The Case Against The Case Against Eating Processed Foods
Author Robert L. Shewfelt debunks the myths behind processed foods, and explains how parents can incorporate them into a healthy diet for the whole family.
Processed foods aren’t getting a lot of love lately. And for parents worried about their families’ eating habits, the question is less whether to cut back on Happy Meals, sugary sodas, and Wonder Bread, and more how to do so. Should parents slap processed food out of their children’s hands or should they just light it on fire? Perhaps it would be best to hide it beneath a pile of quinoa. More nuanced approaches rarely come up and the idea that processed foods might be fine almost never does. But–and, don’t worry, there are gonna be caveats–it might be.
Robert L. Shewfelt’s In Defense Of Processed Food makes the data-driven argument that a healthy diet is less about choosing the right foods and more about choosing the right ingredients. Shewfelt posits that home-cooked meals are just as high in sugar and salt than prepackaged ones. Fatherly caught up with Shewfelt to browbeat him about his eating choices and also, grudgingly, listen to his side of the story.
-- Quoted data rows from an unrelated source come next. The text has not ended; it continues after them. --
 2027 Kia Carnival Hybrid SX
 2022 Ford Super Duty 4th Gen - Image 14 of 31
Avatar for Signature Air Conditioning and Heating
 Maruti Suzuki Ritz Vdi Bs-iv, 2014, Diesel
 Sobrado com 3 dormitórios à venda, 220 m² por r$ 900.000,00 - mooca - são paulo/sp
How did processed food get such a bad rap?
I’m not sure I’ve got a good answer. I guess because we’re looking for a scapegoat for the obesity epidemic, and processed food fits, since there are a lot of processed foods that are not as good for you. I think it’s also that, the people who write these [anti-processed food] books tend to be anti-capitalist, borderline socialist—maybe I shouldn’t say that—but there is a really strong anti-corporation bent out there. And you know, it has some merit, because there are a lot of food corporations that do take advantage of the public, particularly advertising, but I just don’t understand why it’s food that gets the blame.
I guess expecting rationality in these days and times is a little too much to ask for.
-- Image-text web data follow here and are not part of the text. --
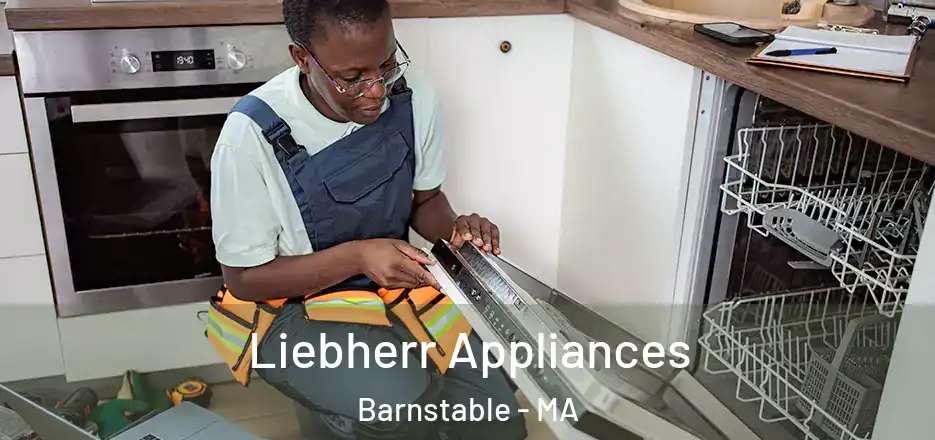  Liebherr Appliances Barnstable - MA
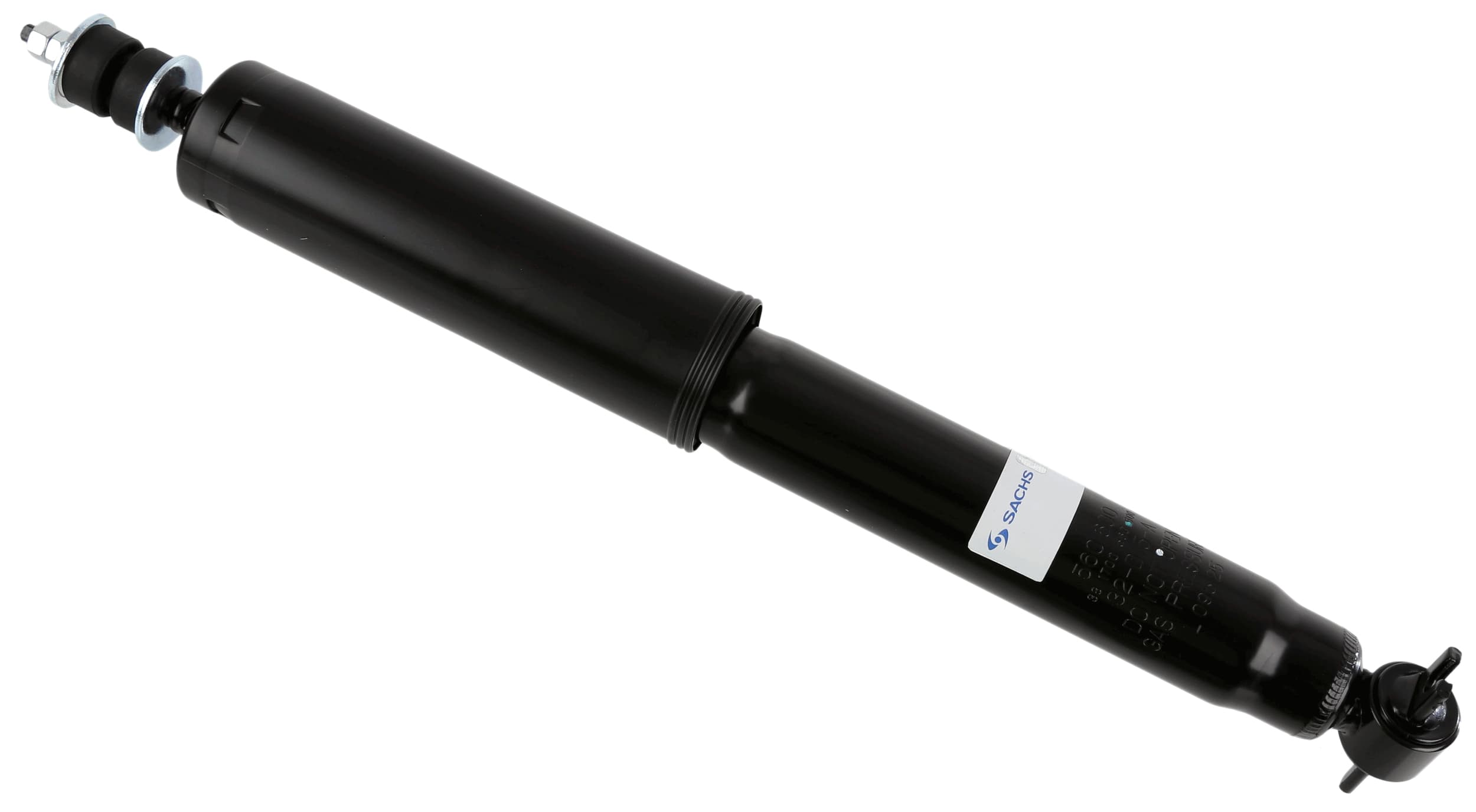 SACHS Tlmič pérovania 560 600 1
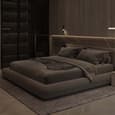 Whimsical Bedroom Haven Design | 17' x 12'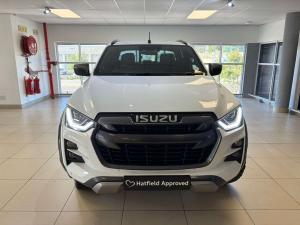 Isuzu D-Max 3.0TD double cab V-Cross - Image 2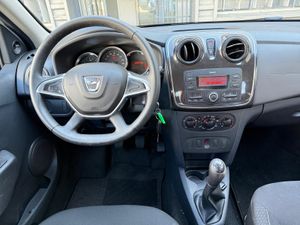 Dacia Logan Essential 1.0 55kW (75CV) - Foto 9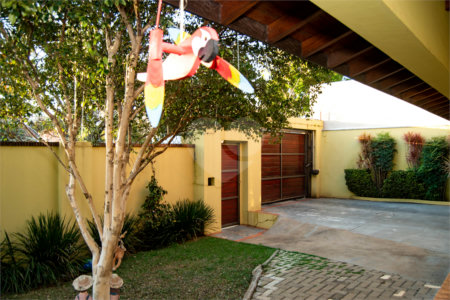CASA ALTO PADRÃO - BAIRRO NOBRE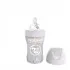 TS flasica anti-colic stainless marble grey 260ml 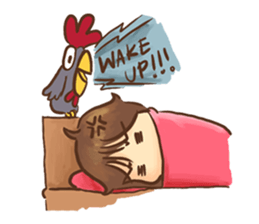 DinSor sticker #6010152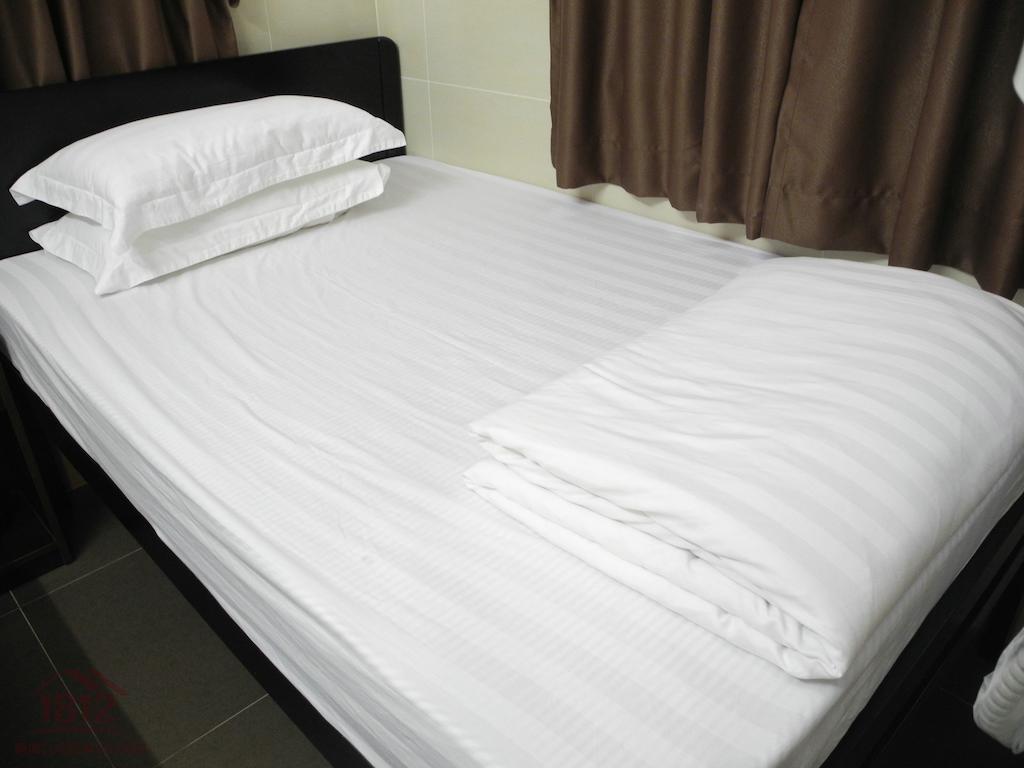 Kowloon Mongkok 1812 Guest House Hong Kong Luaran gambar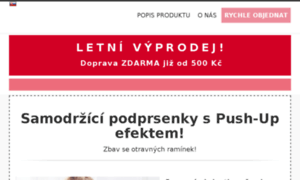 Samodrzici-podprsenka.cz thumbnail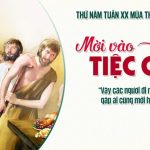 20.08.2026 – Thứ Năm Tuần XX Thường Niên, Năm A – Mời Vào Tiệc Cưới (Mt 22,1-14)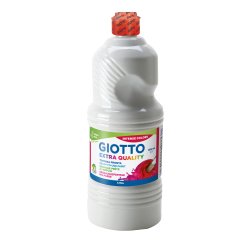 Tempera pronta Fila Giotto da 1000 ml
As long as we’re talking politics, do you consider this a partisan issue?
I’m not sure I would put that solely on the conservative or liberal end. The conservative end obviously denies global climate change, denies that we need to be concerned about sustainability. As far as the liberals go, they tend to be upset about corporations, and also upset about food processing, food technology, things like that. I’m not sure I could blame either side. One of the things I’m trying to do in the book is have a middle of the road perspective and avoid the extreme.
Scientifically speaking, is there actually anything wrong with processed food?
Sure. Processed foods can be high in sugar and salt. In Mindless Eating, [author] Brian Wansink [of Cornell University] writes that we just eat without thinking and shop without thinking. The whole idea is that, when we select the foods we’re going to buy to prepare at home, we need to be thinking about sugar, salt, calories, rather than the latest trend or whether this particular food is “healthy”. I’m more of a healthy diet person than a “healthy food” person. You don’t make diets out of healthy foods, you try to balance things out. But that doesn’t seem to be a very sexy approach anymore…
If processed foods aren’t what made America fat, what is to blame?
We seem to be in a place where one thing must cause everything, so we have to narrow it down to one factor rather than admit that it’s probably multifactorial. Fat parents are more likely to have fat children. We tend to over-eat, under-exercise, eat the wrong types of foods that are high in calories—plus a bunch of other stuff. There are aspects that can’t just be explained by blaming the food, which is what the pundits do, and blaming the person, which is what Big Food does.
How can I incorporate processed foods into a responsible diet for my family?
Read labels. People focus on the ingredients too much, and not enough on the nutrition facts. You especially need to check the serving sizes. There are a lot of processed foods out there that are too high in sugar or salt, and those can be avoided. But a lot of the foods made at home are also high in sugar and high in sugar and salt. Any time you select a food, it’s a whole bunch of trade-offs: safety, nutrition, sustainability. We tend to focus on one thing, whereas eating is multifactorial. The other thing is portion control. Buy smaller plates. When I was growing up, you ate everything on your plate to save the people in China (not sure how that worked out) but now we eat everything we see, and when we have a full plate we tend to eat more.
How much should I be fighting with my kids over eating healthy?
My mother used to say that it’s always the people who have no children who are the “experts” on parenting, so let me qualify that I have no children but, based on what I’ve read, you shouldn’t come down too hard. If you prohibit stuff, they’re going to find a way to get it, whether in the home or outside the home. They’ll trade their carrots for candy bars. It should be one of those things where you allow some [unhealthy foods], but try to get them to eat other things too. As I understand it, if you force vegetables on kids they reject it. Instead, try taking the children shopping and coming to some sort of mutual agreement as to what they eat. You want them to have healthy diets without forcing them—or having big fights.